- Task goal -
The entries below contain pictures. Write out only the lines from the line with "Зарядное устройство для" up to and including the line with "Vintage Tea Teeny", exactly, without them.

- Records supplied -
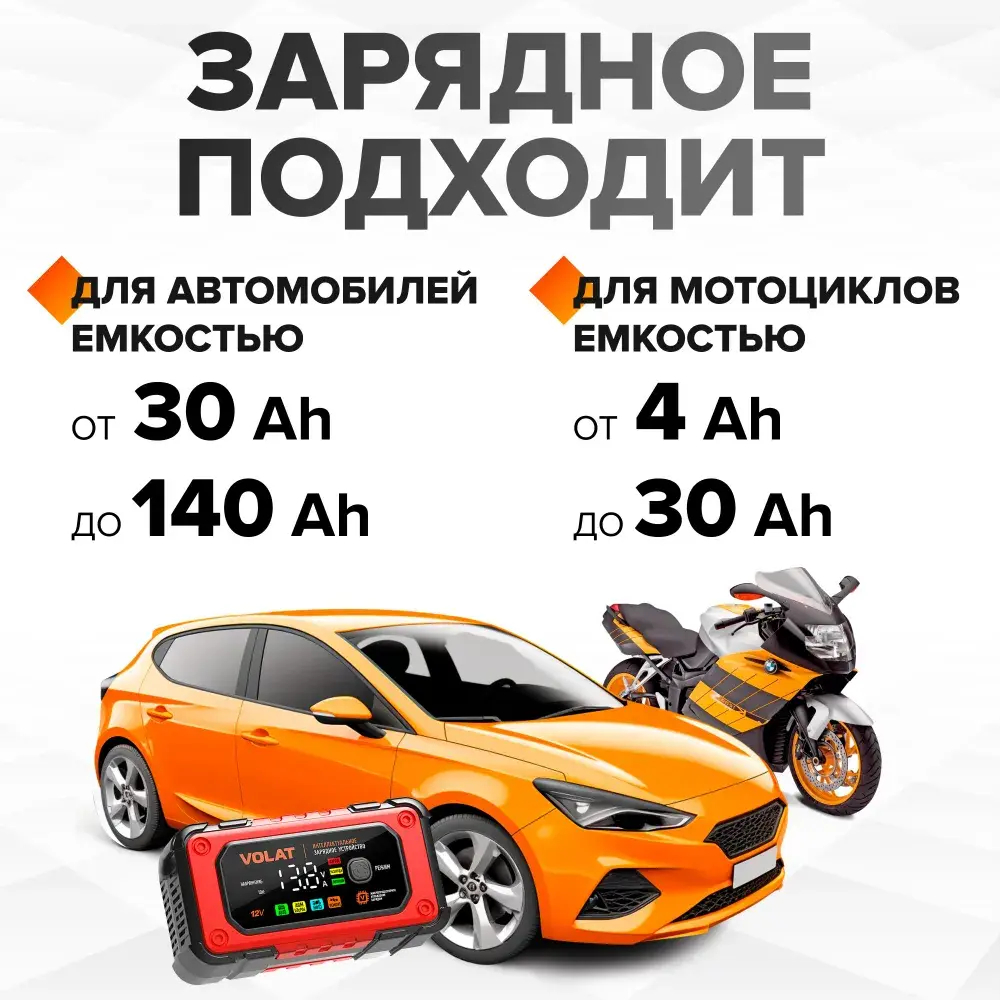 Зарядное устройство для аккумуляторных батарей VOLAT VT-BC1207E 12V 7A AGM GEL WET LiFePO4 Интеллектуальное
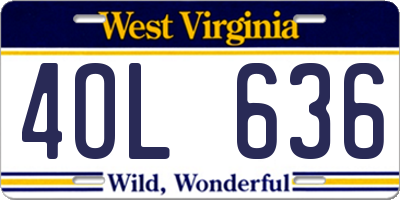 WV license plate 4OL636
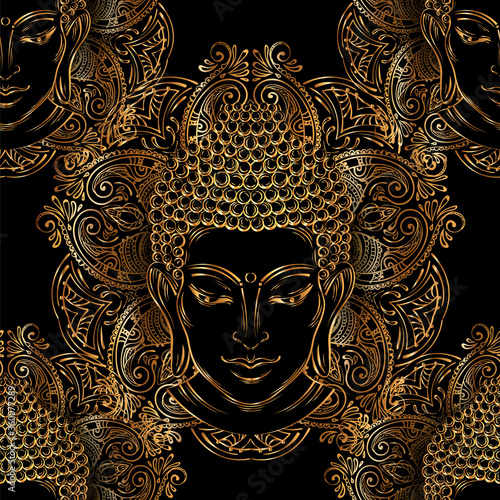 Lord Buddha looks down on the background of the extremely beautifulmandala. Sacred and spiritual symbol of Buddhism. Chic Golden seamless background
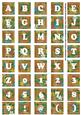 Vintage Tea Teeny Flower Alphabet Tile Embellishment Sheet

---

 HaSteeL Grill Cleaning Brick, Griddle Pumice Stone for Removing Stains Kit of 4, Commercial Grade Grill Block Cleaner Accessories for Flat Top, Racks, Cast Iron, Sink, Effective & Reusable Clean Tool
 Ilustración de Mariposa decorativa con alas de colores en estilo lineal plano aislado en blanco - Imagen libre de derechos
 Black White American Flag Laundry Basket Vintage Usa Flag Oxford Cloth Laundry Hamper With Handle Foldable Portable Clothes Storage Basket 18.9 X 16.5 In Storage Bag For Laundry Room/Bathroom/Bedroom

* * *

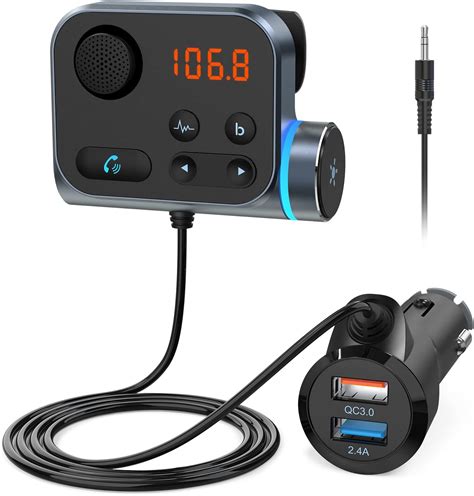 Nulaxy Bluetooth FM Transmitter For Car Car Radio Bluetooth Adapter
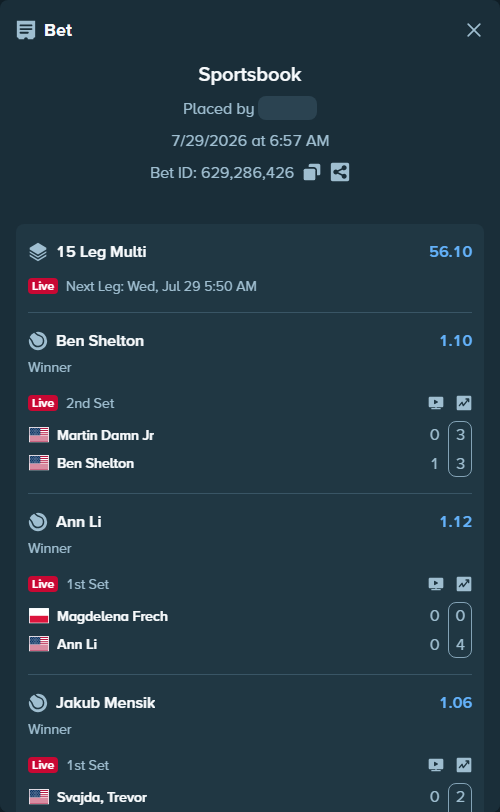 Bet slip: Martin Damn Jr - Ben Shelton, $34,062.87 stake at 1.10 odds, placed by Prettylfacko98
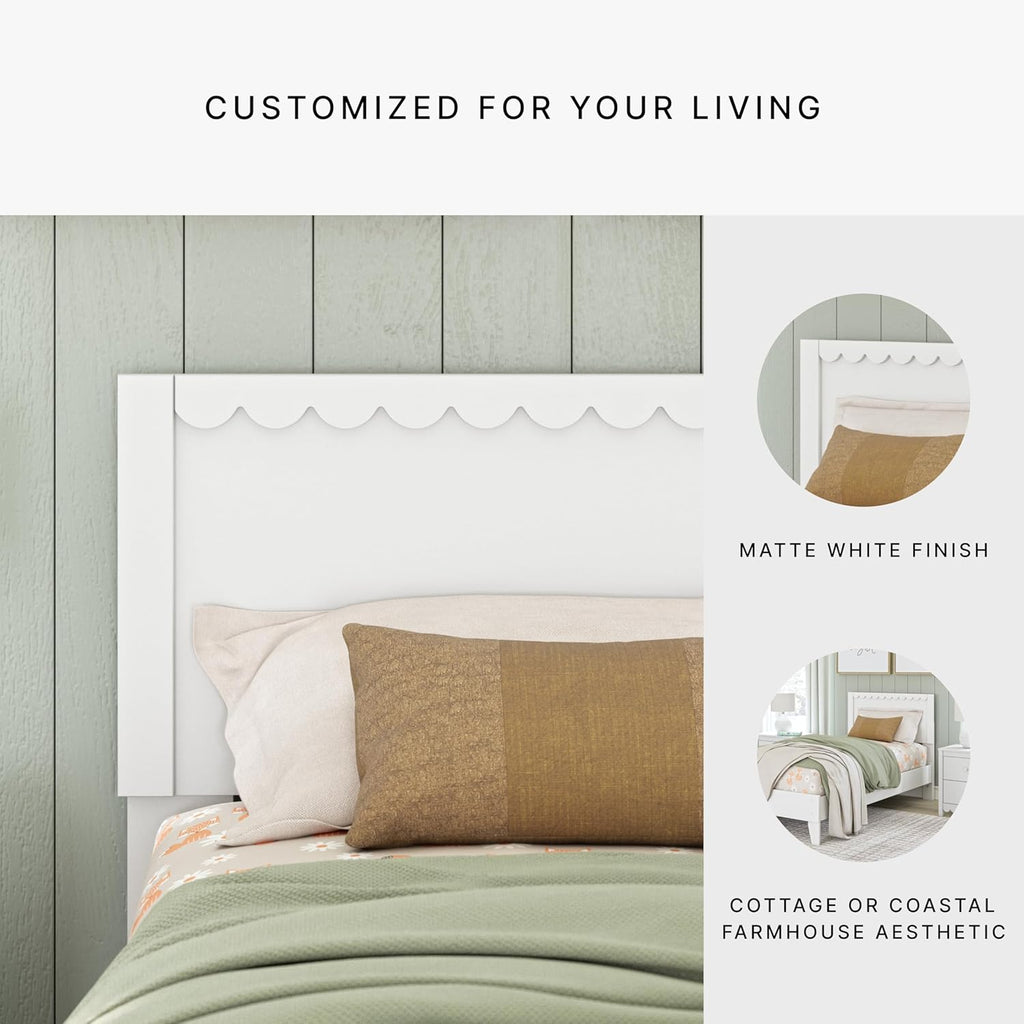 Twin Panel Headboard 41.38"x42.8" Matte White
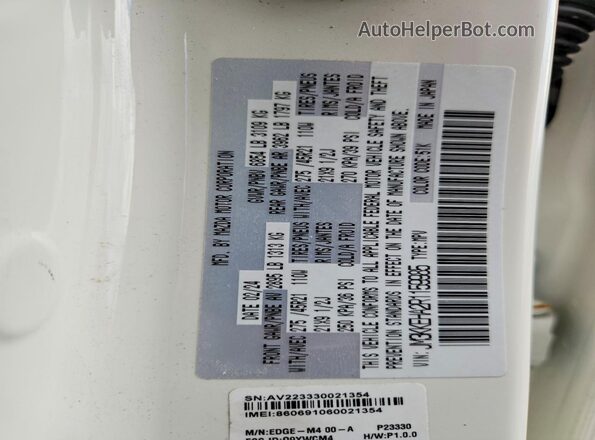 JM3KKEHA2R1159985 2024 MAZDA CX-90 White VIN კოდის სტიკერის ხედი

- Answer box -
 Зарядное устройство для аккумуляторных батарей VOLAT VT-BC1207E 12V 7A AGM GEL WET LiFePO4 Интеллектуальное
 WV license plate 4OL636
 Lord Buddha looks down on the background of the extremely beautifulmandala. Sacred and spiritual symbol of Buddhism. Chic Golden seamless background
 Vintage Tea Teeny Flower Alphabet Tile Embellishment Sheet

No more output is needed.